Exercise instructions: Omit all pictures, and print word for word only the lines from the one containing "A study from" through the end of the data.

Short descriptive text snippets:
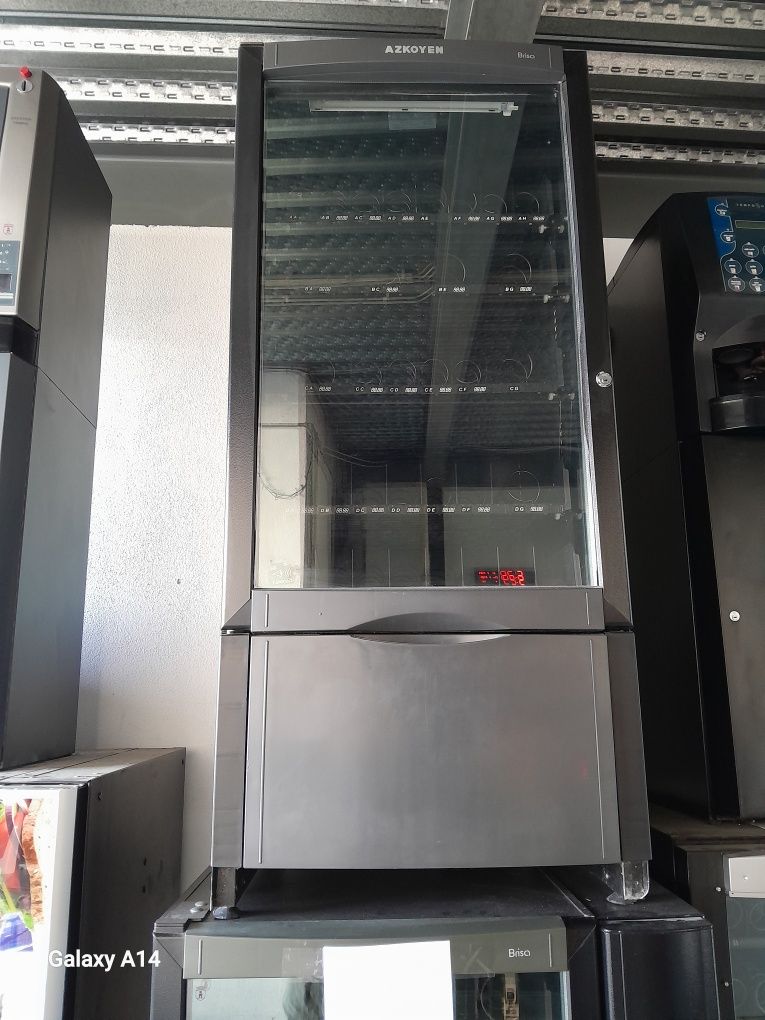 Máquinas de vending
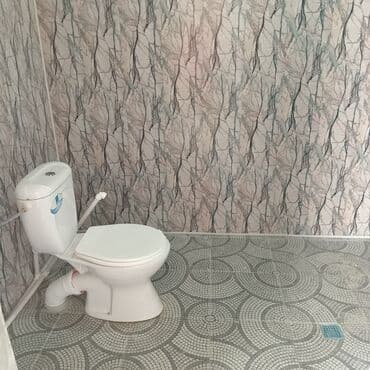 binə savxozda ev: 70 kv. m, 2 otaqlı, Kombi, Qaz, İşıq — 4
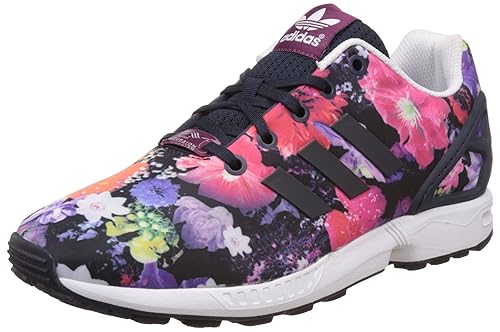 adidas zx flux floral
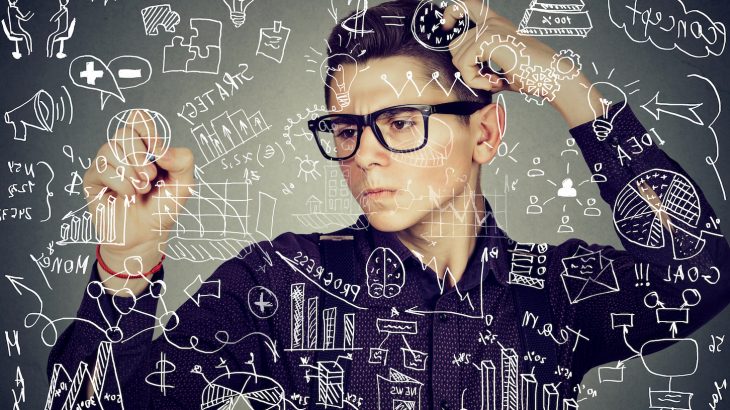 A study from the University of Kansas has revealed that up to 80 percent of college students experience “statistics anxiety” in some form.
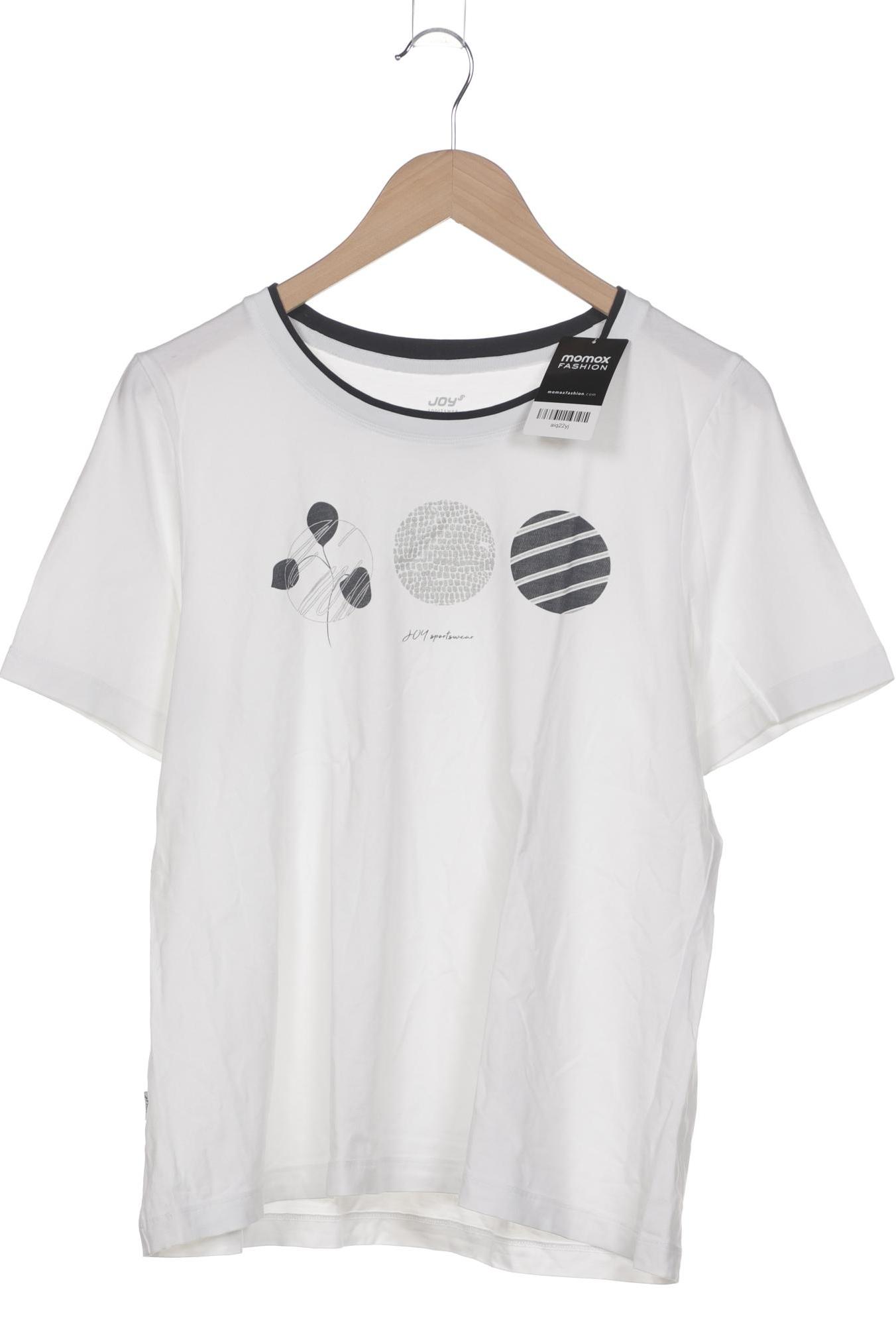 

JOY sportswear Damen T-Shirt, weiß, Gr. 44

Solution to this problem:
 A study from the University of Kansas has revealed that up to 80 percent of college students experience “statistics anxiety” in some form.

JOY sportswear Damen T-Shirt, weiß, Gr. 44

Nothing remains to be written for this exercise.